DATA PROVIDED:
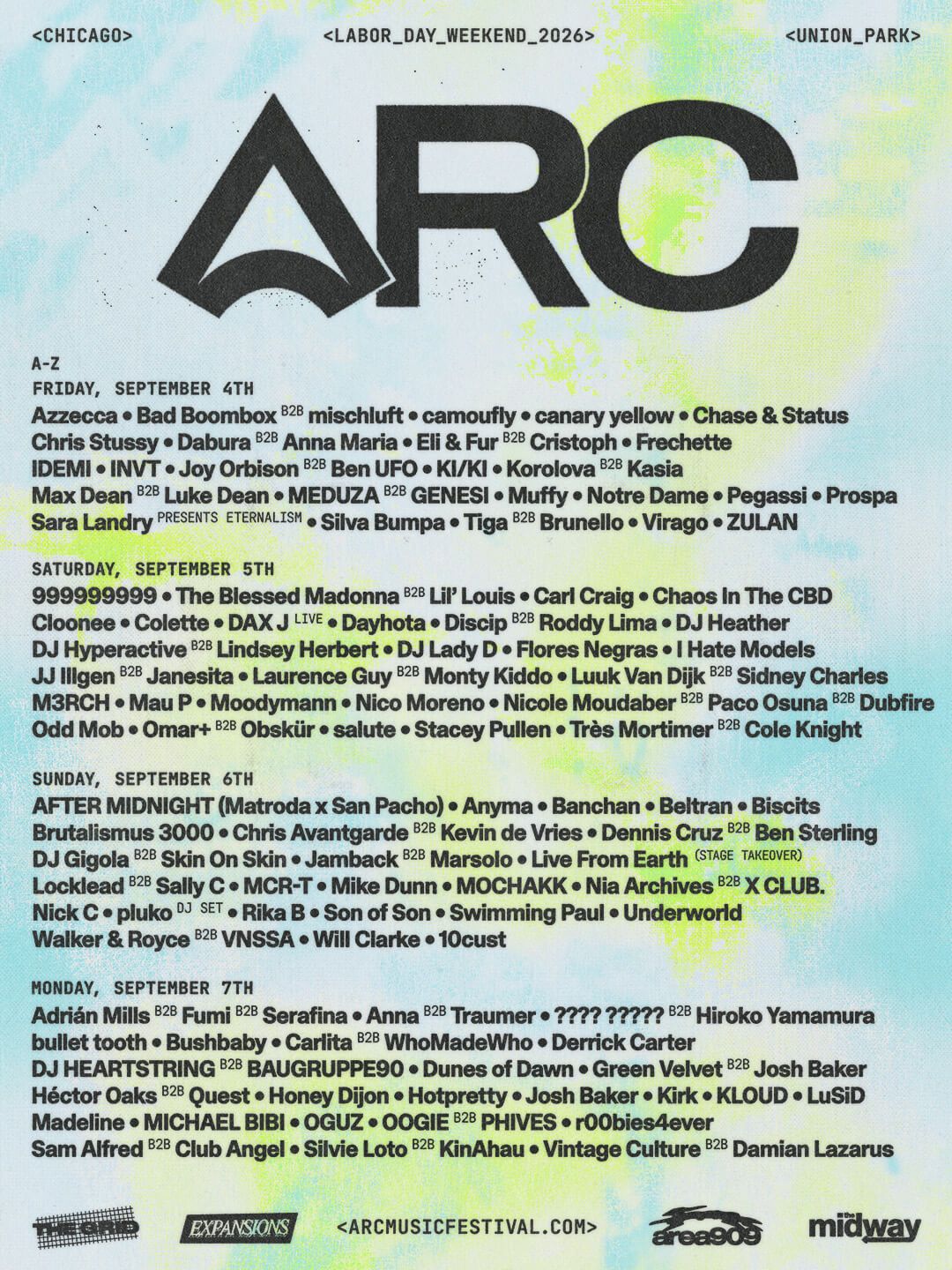 2026 ARC Music Festival - 4 Day Pass at Union Park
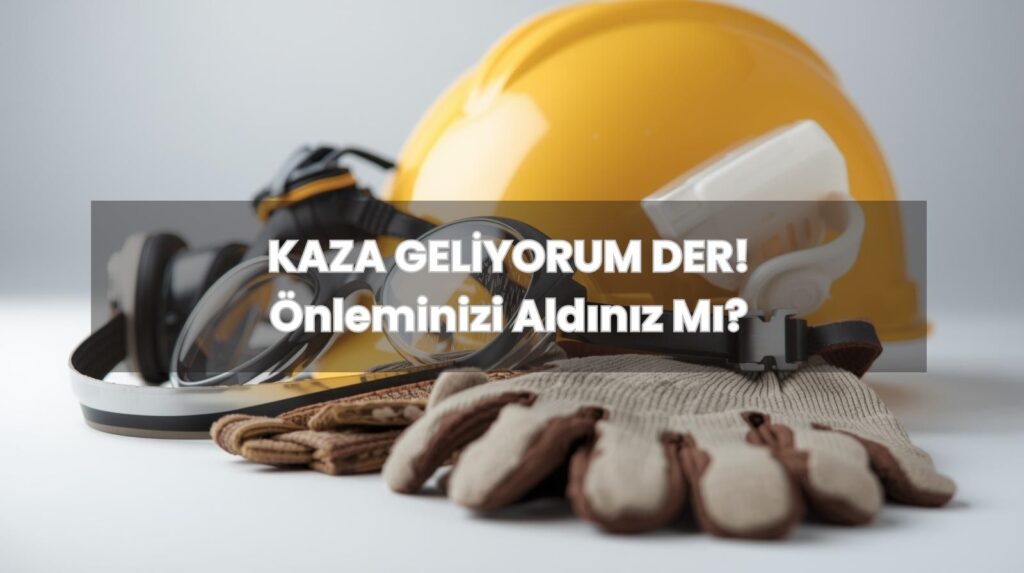 İşverenin İSG yükümlülükleri kapsamında alması gereken önlemleri simgeleyen baret ve koruyucu ekipmanlar.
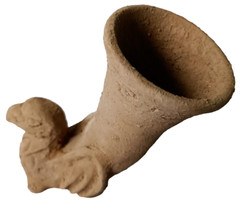 300 BC Beautiful Ancient Roman Clay Terracotta Drinking Rhyton Museum Quality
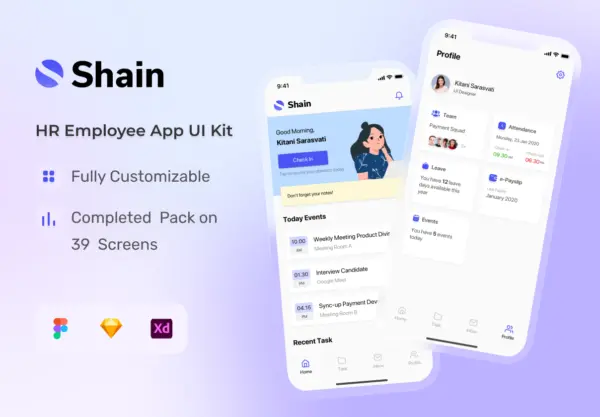 设计森林下午茶：HR人力资源员工App应用 UI 套件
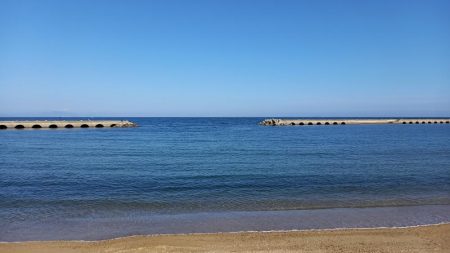 キスの引き釣り@海水浴場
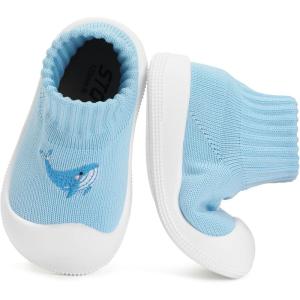 imageSTQ Baby Socks Shoes Toddler Wide Toe Box NonSlip Slippers Infant Walking Shoe Soft Baby Boys Girls Lightweight SneakersLight Blue Whale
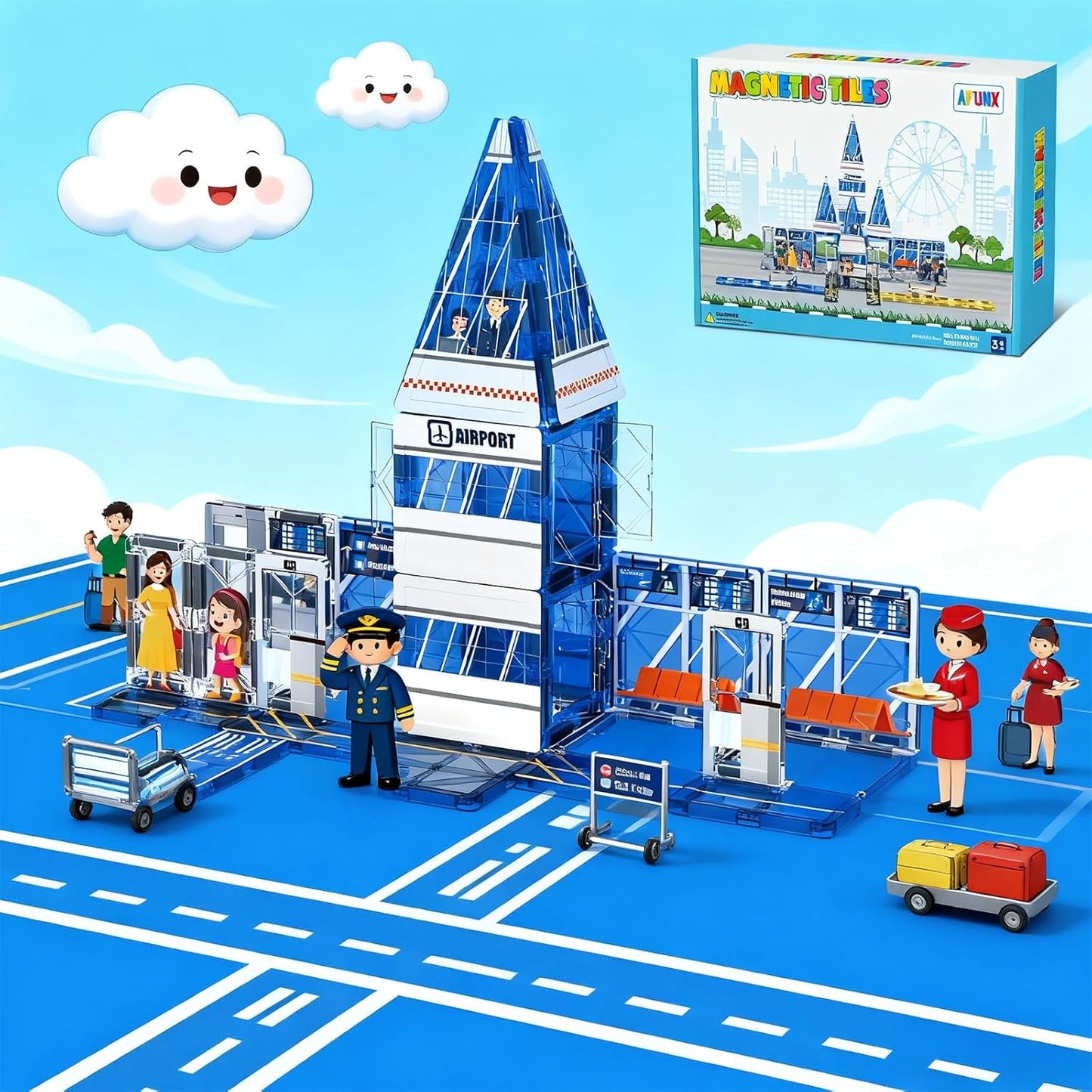 AFUNX Magnetic Tiles, 50PCS Police Station Theme Building Blocks Set, Magnet Building Blocks and STEM Preschool Toys for Toddlers Kids Ages 3-5 5-7 8-10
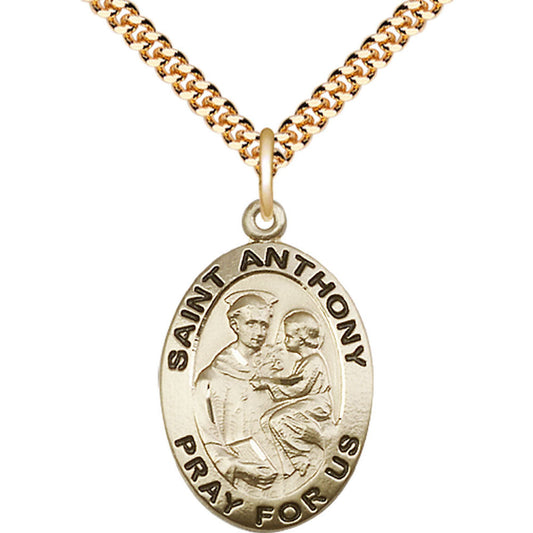 Gold Filled Saint Anthony of Padua Pendant - 4021GF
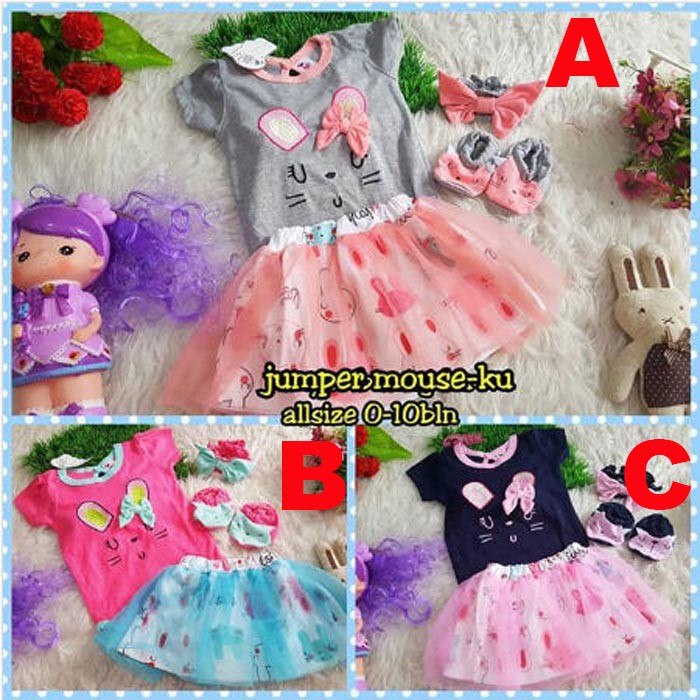 Jumper Bayi 0 -8 bulan Perempuan Lucu Murah Baju anak Bayi Cewek Rok Bandana bestseller Cute Mouse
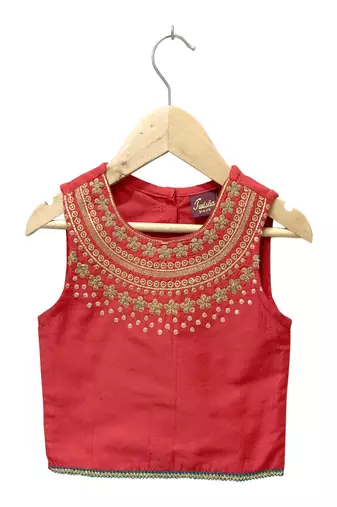 woven sleeveless embroidered top with cotton printed lehenga-red & blue
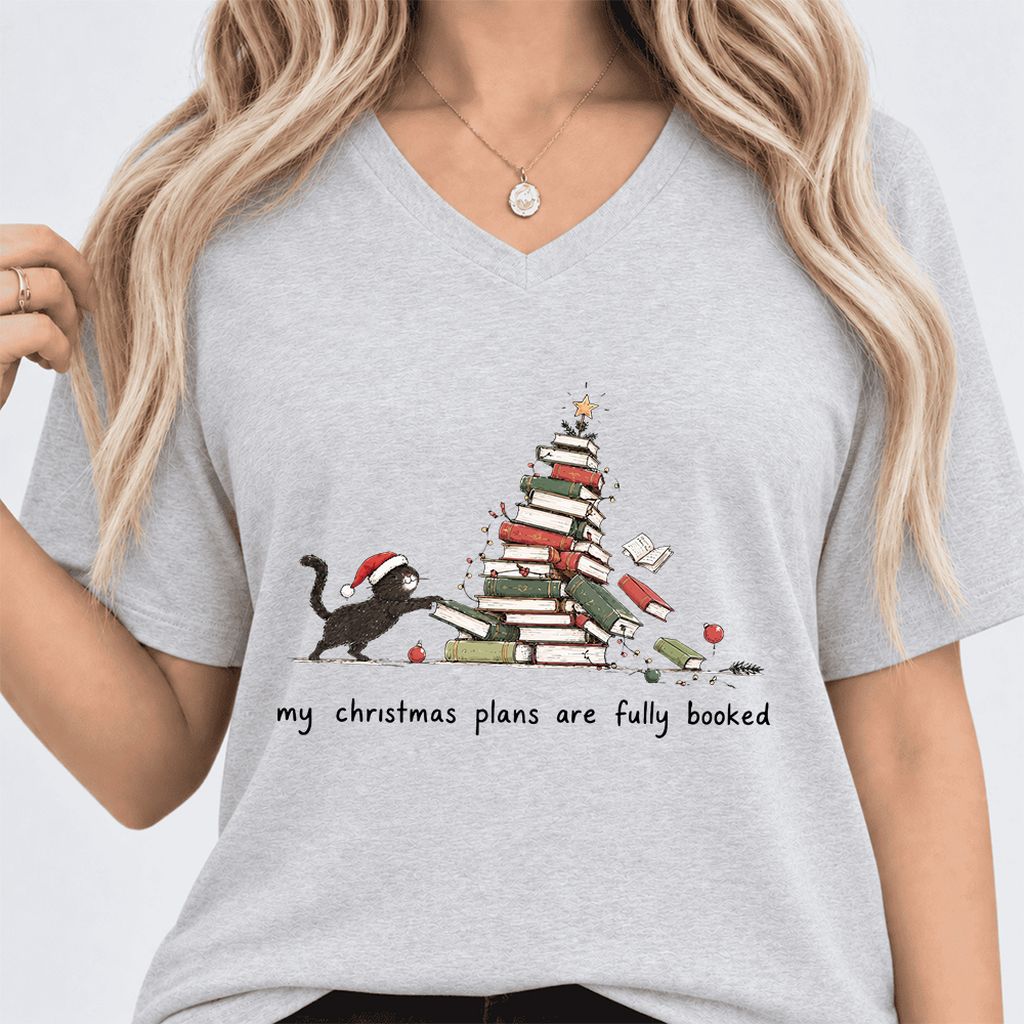My Christmas Plans Are Fully Booked Ultra-Soft V-Neck | Christmas Reader Gift Ash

DIRECTIONS:
Give every record again without changing a word. Exclude the pictures.

YOUR RESPONSE:
 2026 ARC Music Festival - 4 Day Pass at Union Park
 İşverenin İSG yükümlülükleri kapsamında alması gereken önlemleri simgeleyen baret ve koruyucu ekipmanlar.
 300 BC Beautiful Ancient Roman Clay Terracotta Drinking Rhyton Museum Quality
 设计森林下午茶：HR人力资源员工App应用 UI 套件
 キスの引き釣り@海水浴場
 imageSTQ Baby Socks Shoes Toddler Wide Toe Box NonSlip Slippers Infant Walking Shoe Soft Baby Boys Girls Lightweight SneakersLight Blue Whale
 AFUNX Magnetic Tiles, 50PCS Police Station Theme Building Blocks Set, Magnet Building Blocks and STEM Preschool Toys for Toddlers Kids Ages 3-5 5-7 8-10
 Gold Filled Saint Anthony of Padua Pendant - 4021GF
 Jumper Bayi 0 -8 bulan Perempuan Lucu Murah Baju anak Bayi Cewek Rok Bandana bestseller Cute Mouse
 woven sleeveless embroidered top with cotton printed lehenga-red & blue
My Christmas Plans Are Fully Booked Ultra-Soft V-Neck | Christmas Reader Gift Ash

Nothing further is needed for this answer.